Adel’s stomach rumbled at the sights and scents, even if she’d race away in a moment, given the chance. The guards unchained them at the edge of the room, escorting them in sets of two to raised platforms scattered across the hall.

“Spread out my gladiatrices, one per platform,” Jovan ordered. “I want them all over the room, not confined to two spots.”

The guard unshackled Felix and then Adel. “You two with me,” he muttered.

Though glad she’d not be paired with Wulfula, Adel felt her heart sink slightly. They’d hoped to be separated to talk with the others. Go over the plan for tomorrow one last time. Chained together, away from the others, they could do nothing. But perhaps that was Jovan’s idea. Did he suspect them of plotting against him? Or did he have another motive?

The guard led them to an empty platform situated at the very heart of the room. Two ankle shackles lay waiting for them. Adel stepped onto the knee-high platform, feeling once more as if she was at the slave market. If she’d been cold before, the air in the feasting hall was stifling from the combined heat of the wall torches, lamps, and bodies. Dotting the vast room, head and shoulders above the crowd, other pairs of gladiators stood on similar platforms, dressed in the red, yellow, and blue of the other ludi. Some flexed and preened; others stood still and aloof.

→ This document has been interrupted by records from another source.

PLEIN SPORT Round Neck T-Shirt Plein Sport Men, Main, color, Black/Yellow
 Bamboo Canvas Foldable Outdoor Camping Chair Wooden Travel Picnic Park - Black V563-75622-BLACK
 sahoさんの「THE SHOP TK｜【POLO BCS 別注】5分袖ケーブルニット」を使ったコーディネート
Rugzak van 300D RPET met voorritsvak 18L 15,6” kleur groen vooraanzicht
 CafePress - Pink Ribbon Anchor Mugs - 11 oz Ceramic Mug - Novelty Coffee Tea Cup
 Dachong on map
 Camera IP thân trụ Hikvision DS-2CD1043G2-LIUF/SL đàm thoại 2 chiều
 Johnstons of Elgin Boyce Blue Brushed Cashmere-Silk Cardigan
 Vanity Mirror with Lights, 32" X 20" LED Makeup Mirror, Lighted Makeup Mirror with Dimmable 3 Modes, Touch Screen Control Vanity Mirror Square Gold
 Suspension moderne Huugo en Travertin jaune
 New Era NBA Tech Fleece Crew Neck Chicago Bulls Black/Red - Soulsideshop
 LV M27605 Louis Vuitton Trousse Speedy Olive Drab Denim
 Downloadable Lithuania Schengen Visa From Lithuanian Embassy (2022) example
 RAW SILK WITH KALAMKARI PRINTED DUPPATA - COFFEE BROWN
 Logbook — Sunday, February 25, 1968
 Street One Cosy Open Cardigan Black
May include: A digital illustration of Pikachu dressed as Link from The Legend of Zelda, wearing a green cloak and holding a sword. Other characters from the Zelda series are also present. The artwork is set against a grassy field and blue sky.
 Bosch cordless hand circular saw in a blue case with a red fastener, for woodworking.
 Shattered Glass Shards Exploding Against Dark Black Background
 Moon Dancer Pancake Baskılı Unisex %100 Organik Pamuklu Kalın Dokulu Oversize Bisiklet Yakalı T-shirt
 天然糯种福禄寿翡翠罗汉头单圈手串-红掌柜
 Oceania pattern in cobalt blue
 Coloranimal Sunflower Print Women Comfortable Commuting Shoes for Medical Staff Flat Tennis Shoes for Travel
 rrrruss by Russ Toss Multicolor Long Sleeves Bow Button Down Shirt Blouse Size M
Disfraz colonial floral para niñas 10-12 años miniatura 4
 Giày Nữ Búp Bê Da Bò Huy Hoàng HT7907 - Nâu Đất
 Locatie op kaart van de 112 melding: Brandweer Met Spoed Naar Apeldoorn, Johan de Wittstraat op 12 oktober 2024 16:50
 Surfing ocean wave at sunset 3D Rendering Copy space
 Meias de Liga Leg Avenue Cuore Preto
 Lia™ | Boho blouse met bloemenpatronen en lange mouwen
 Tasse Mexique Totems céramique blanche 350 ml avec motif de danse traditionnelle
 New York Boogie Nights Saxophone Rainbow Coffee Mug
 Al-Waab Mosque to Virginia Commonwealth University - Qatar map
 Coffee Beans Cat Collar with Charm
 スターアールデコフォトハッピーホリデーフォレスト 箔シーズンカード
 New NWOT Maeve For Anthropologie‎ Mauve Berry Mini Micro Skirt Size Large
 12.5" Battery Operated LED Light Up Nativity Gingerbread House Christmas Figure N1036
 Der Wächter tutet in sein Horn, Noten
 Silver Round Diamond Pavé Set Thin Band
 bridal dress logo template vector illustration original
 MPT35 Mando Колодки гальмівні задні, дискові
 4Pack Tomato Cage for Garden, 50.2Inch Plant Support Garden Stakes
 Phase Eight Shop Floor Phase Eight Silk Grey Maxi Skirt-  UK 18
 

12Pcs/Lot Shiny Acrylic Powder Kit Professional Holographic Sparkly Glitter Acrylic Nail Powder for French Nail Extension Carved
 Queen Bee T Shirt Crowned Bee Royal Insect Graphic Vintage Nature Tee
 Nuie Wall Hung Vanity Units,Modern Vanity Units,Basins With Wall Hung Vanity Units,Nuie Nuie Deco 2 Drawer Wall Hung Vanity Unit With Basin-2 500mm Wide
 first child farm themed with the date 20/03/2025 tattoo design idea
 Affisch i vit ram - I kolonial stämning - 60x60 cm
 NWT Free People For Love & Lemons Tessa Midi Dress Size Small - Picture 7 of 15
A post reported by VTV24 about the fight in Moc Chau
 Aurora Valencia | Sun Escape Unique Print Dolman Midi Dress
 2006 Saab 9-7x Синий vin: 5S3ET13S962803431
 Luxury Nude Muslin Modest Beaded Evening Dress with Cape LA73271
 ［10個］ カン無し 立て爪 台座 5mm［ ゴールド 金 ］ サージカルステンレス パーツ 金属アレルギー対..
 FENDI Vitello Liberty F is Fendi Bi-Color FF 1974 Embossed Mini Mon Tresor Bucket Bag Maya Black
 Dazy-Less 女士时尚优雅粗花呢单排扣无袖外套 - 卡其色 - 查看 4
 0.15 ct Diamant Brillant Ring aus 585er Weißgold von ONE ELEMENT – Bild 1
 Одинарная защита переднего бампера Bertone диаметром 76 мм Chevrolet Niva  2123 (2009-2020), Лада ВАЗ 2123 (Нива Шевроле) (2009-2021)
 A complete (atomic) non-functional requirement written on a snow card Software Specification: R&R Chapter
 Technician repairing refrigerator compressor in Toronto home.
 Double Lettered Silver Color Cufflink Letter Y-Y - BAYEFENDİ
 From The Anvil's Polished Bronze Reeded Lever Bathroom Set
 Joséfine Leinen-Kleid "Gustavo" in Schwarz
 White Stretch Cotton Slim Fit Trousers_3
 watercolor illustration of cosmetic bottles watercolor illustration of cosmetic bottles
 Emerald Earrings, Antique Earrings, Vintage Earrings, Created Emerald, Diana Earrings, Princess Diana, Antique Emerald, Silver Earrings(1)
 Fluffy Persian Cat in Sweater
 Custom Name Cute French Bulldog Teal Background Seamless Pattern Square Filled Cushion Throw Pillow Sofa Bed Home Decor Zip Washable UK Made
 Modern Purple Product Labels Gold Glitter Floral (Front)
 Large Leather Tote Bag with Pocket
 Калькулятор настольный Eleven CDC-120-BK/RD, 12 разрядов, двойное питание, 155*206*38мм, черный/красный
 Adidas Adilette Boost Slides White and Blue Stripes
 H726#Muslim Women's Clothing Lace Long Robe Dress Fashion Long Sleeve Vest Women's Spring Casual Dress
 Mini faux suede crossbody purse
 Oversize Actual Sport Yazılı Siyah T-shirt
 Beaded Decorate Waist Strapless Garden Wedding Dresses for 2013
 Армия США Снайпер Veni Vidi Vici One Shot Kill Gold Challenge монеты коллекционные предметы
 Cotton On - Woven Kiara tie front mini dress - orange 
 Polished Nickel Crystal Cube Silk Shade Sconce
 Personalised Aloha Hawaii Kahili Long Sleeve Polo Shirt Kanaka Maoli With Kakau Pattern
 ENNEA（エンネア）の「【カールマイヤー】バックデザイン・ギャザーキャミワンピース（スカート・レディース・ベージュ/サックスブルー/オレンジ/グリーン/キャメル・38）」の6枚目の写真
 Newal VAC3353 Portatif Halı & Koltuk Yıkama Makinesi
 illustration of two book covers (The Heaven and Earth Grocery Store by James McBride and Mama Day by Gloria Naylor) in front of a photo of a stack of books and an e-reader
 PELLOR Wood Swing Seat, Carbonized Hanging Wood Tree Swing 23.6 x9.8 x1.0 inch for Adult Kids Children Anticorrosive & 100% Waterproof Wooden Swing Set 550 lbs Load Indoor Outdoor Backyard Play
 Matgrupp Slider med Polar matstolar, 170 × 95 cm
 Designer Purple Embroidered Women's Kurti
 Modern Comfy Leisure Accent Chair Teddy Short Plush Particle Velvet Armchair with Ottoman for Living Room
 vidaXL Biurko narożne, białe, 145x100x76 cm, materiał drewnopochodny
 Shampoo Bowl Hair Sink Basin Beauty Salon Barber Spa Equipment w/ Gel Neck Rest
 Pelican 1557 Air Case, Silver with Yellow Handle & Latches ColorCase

Felix bumped her as he stepped up beside her. “Sorry.”

“Do not apologize,” she hissed. “Do not ever apologize. Lift your chin.”

She followed her own advice, raising her eyes above the gawking women and assessing men milling about. One of the costumers came by as soon as they were in place, readjusting Adel’s gown beneath the thin gold belt. He bunched the fabric panels in the front and back, leaving her legs and sides bare. She hated the redness she could feel burning across her chest and neck.

Feel nothing.Reveal nothing.

“Now this is the one I’ve been dying to see up close.” A man approached, swathed in a white silk tunic and red embroidered robe. Jewels winked from thin fingers and a woman in blue adorned his arm.

“The Amazon.” He breathed her name in a tone that set her skin crawling and disentangled himself from the woman’s grip so he could circle slowly, greedy eyes roving.

Across the room, a doorway beckoned Adel to leap from the platform. She imagined herself racing toward it, shoving the skinny man in canary yellow into the silver pool of wine he seemed so fond of, and leaping over the table towering with pastries. In two more steps she’d be outside, running, running until she was home. The longing hit her with the force of a cestus’s fist, and this time she didn’t push it away. If all went to plan tomorrow, this would be the last time she’d endure such—

A hand gripped the swell of her calf and slid upward, skimming the back of her knee.